Las coronas son para quien las necesita. Los rangos,
lejos de delimitar nuestros derechos, no sirven más que para recordarnos
nuestras obligaciones. Ahora que ya lo sabe, la princesa siente el alivio de no
tener que cargar con semejante peso sobre su cabeza.
Ella quiere ser una princesa de esas que pueden
bajarse de su trono cuando les plazca para esconderse entre la muchedumbre y
desaparecer, de las que no tienen que rendir cuentas ante nadie porque no
tienen ante quién... Ella quiere ser una
princesa de pacotilla.
Por suerte, ha nacido rodeada de una familia de
pirados que se hacen llamar a sí mismos cosas tan ridículas como el “Bufón de
la Corte” o la “Duquesa del Bollo de Campaspero”. Con semejante palabrería,
¿quién puede tomarlos en serio?
El novio de la princesa, al que de momento hemos
bautizado neutral y cortésmente como príncipe, observa el panorama desde fuera
con cautela. Y, aunque en ciertos momentos envidia no haber sido nombrado
caballero, la prudencia le puede y espera pacientemente que un día se le vaya
del todo la pelota para ser oficialmente convencido de tan absurda titulitis familiar.

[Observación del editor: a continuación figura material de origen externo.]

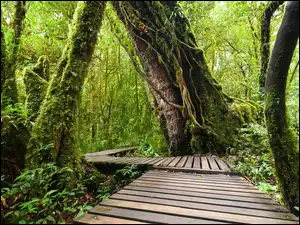 Doi Inthanon National Park w Tajlandii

De momento, mamá, tengo que decir a mi favor, como
muy sabiamente me dijiste hace ya unos cuantos capítulos, que no hay que tener
prisa. No hay que tener prisa por incluir en tu familia nuevos miembros de la
realeza. Todo se andará. Todavía la princesa se está acomodando a su trono
nuevo y no es momento ahora de estar pensando en ampliarlo.
Eso sí, en caso de solicitar un nuevo título no
dudes que será ante ti, ante esta familia de pacotilla, a la que le solicitaré
tantos títulos absurdos como sea necesario.
Disculpa en esta carta mi informalidad, mi osada
rebeldía verbal, pero al haber descubierto que sobre mis hombros pesa una
corona de quita y pon me siento más libre, más ligera. Quizás no había
comprendido hasta ahora que un título impuesto por uno mismo tiene la ventaja
de amoldarse a su dueño tanto como cada uno quiera.
No quiero traer confusión. Me halaga ser princesa y
hago cuanto puedo por hacer honor a mi rango, como aquella vez que el Bufón de
la Corte me dio tal golpe en el pómulo que estuve todo un fin de semana
descompuesta por el traspié, o cuando me vuelvo tan sibarita como la Marquesa
del Cantábrico, la marquesa de verdad, que no me aguanto ni a mí misma. Pero
aún me halaga más, acabo de descubrirlo ahora mismo, poder no serlo cuando yo
quiera. Y ahora no lo soy.
No ser princesa hace que nadie espere nada especial
de ti, ni siquiera tú misma. Siempre he sido muy perfeccionista, muy exigente
conmigo misma, cuadrada cual caja de cartón. Siempre he colocado sobre mí, sin
ni siquiera darme cuenta, una corona que me hiciera cumplir lo que yo misma me
imponía. Y, he de reconocer, que no me ha ido mal.
Pero, quizás, necesitaba saber que esa corona está
ahí para cuando una la solicita pero, por las mismas, un día puede decidir no
necesitar. Soy una princesa, ¿y qué? Soy una princesa ante mí misma y ante
quien quiera sentirme así. Soy una princesa a la que le puede quedar tan bien,
¿por qué no?, una corona de oro como una de cartón. Y, a veces, la de cartón
puede hacerte sentirte igual o más feliz.